[[ Provided material, beginning ]]
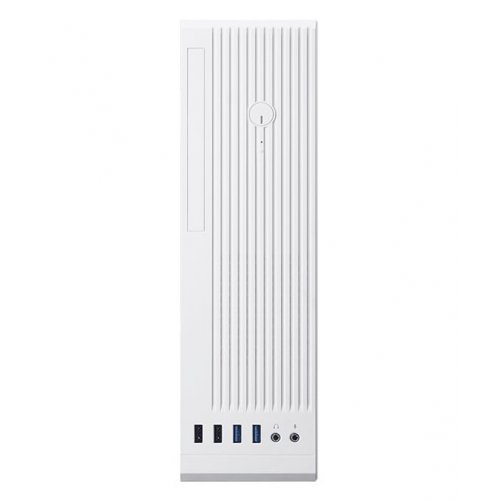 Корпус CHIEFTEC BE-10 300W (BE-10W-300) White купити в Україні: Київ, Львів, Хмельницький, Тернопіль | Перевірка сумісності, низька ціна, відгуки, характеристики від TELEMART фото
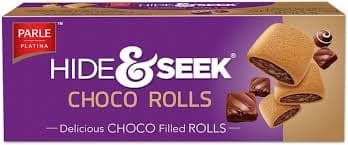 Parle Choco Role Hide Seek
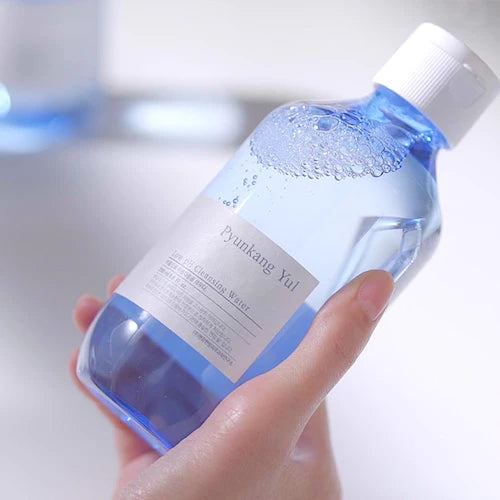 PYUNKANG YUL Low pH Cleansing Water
[[ Provided material, end ]]
[[ Provided material, beginning ]]
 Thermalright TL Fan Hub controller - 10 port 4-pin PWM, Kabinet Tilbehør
[[ Provided material, end ]]
[[ Provided material, beginning ]]
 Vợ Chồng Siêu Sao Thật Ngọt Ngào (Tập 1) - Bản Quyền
[[ Provided material, end ]]
> [What this task involves]
Would you set down only the lines above from the line with "Parle Choco Role Hide Seek" to the line with "PYUNKANG YUL Low pH Cleansing Water", both included, exactly as they stand and without the pictures?

> [Exercise output]
 Parle Choco Role Hide Seek
 PYUNKANG YUL Low pH Cleansing Water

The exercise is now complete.